The application to lead proposed coincidence evidence against the accused Bradbury
The Crown served a notice under s 98 (1) of the Evidence (National Uniform Legislation) Act 2011 (NT) (the notice) on the accused Bradbury, advising him that the Crown intended to adduce coincidence evidence at his trial. The notice stated that the proposed coincidence evidence related to the following facts in issue at the accused’s trial:
Whether the accused took possession of a Hyundai Tucson NT registration BM73MZ for the purpose of facilitating the supply of a large commercial quantity of methamphetamine.
The notice stated that the proposed evidence would be adduced to prove that the accused Bradbury:
a) had a particular state of mind, namely, knowingly possessing a large commercial quantity of methamphetamine for the purpose of supply; and
b) did a particular act, namely, supplying a large commercial quantity of methamphetamine.
The coincidence evidence which the Crown proposed leading at the trial of the accused Bradbury related to a conviction recorded by Barr J on 20 October 2017 upon a plea of guilty by the accused to a charge that on 21 April 2017 he possessed a commercial quantity of methamphetamine. The quantity of methamphetamine possessed by the accused Bradbury at that time carried with it a legislative presumption that the accused intended to supply the methamphetamine for commercial gain. The accused did not contest that presumption in the proceedings before Barr J.

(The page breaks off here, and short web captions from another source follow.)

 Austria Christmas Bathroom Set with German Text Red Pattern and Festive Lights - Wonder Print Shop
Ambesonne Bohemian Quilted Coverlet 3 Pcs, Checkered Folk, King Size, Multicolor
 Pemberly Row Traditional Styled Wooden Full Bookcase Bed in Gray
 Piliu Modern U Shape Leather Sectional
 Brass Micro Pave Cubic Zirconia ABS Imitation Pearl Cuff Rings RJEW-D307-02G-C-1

The facts relating to the proceedings before Barr J were that on 20 April 2017 a police officer was conducting mail screening at Winnellie Post Office using a drug detector dog. The dog gave a tell-tale response to a parcel addressed to the accused Bradbury. Police subsequently obtained warrants and seized the parcel. Inside was a tin with a cryovac bag containing a crystalline substance, which was later examined and found to be 111.70 g of methamphetamine. Police repackaged the parcel, substituting an inert substance, and then waited for the accused to come and collect it from the Winnellie Post Office.

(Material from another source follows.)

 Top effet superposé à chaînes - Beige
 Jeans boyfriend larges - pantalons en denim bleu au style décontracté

On Friday, 21 April 2017, the accused Bradbury went by taxi to the Winnellie Post Office, signed for the parcel, and then returned to the taxi with the parcel. The taxi was later stopped by police and the accused Bradbury was arrested. In his possession at that time was the parcel, two mobile phones, a laptop computer and $6,335 in cash.

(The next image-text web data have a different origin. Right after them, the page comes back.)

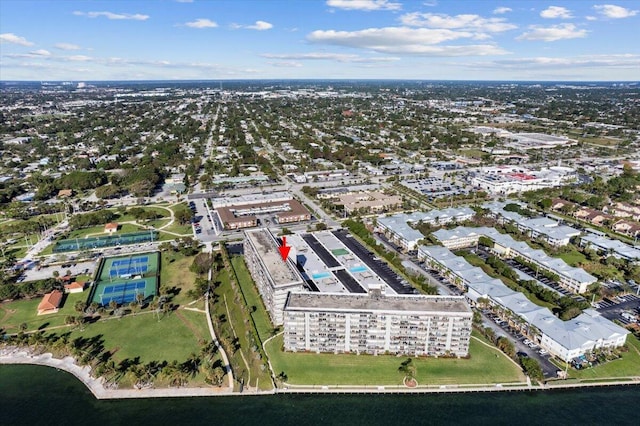 drone / aerial view with a water view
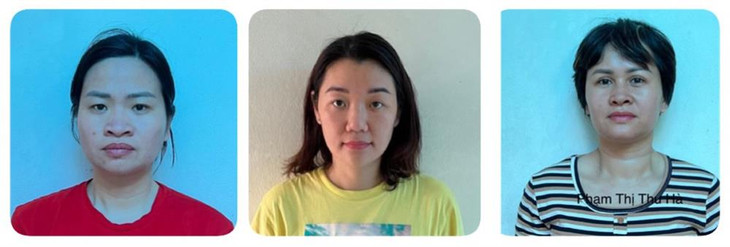 Các bị can (từ trái sang phải): Phạm Thị Quỳnh Như; Nguyễn Thị Kim Dung; Phạm Thị Thu Hà.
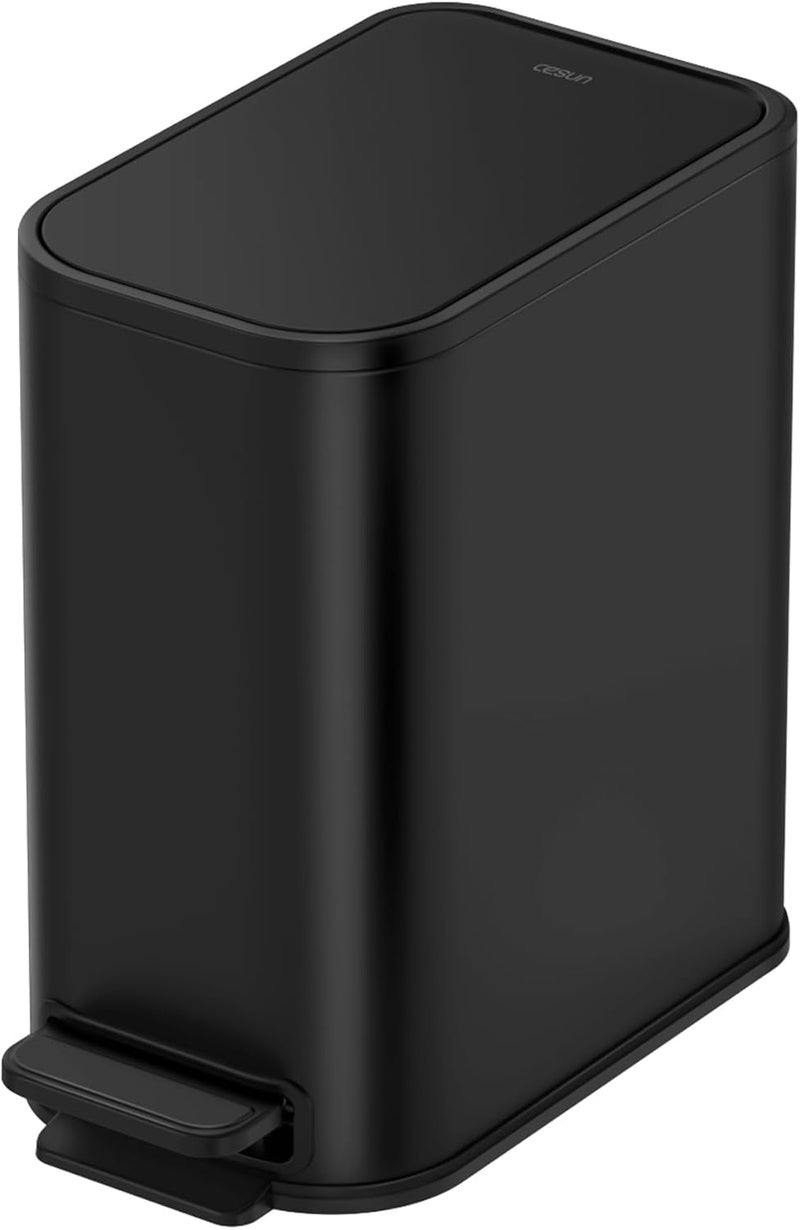 Cesun Small Bathroom Trash Can with Lid Soft Close, Step Pedal, 5 Liter / 1.3 Gallon Stainless Steel Garbage Can with Removable Inner Bucket, Waste Basket for Bathroom, Bedroom (Matte Black) - Image 1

The same provisions of the Evidence (National Uniform Legislation) Act 2011 (NT) referred to above in the context of the application to lead coincidence evidence against the accused Marshall are also relevant to the application to lead coincidence evidence against the accused Bradbury.
The relevant similarities that could be identified between the events that are the subject of the present charge and the events of 21 April 2017 are:
a) each case involves an importation of a dangerous drug into the Northern Territory;
b) in each case the dangerous drug was methamphetamine;
c) the quantity of the dangerous drug in each case was a commercial quantity;
d) each case involved the drug being imported by an innocent intermediary (in 2017 it was Australia Post and in 2021 it was Shaw’s Transport); and
e) in each case the accused Bradbury collected the drug from an innocent intermediary.
I was satisfied that the proposed coincidence evidence in relation to the accused Bradbury had significant probative value. The jury could reason that, having regard to the proposed coincidence evidence and the other evidence against the accused Bradbury, it was improbable that the events of 8 July 2020 and 21 April 2017 occurred coincidentally, with the accused Bradbury being uninvolved in the transportation of the methamphetamine in the Tucson on 8 July 2020 or otherwise being unwittingly involved. I was satisfied that the danger of unfair prejudice arising from the evidence of the events of 21 April 2017 could be mitigated by appropriate directions to the jury, such that the probative value of the evidence outweighed any potential prejudice.
For these reasons, I allowed the Crown application to lead the coincidence evidence.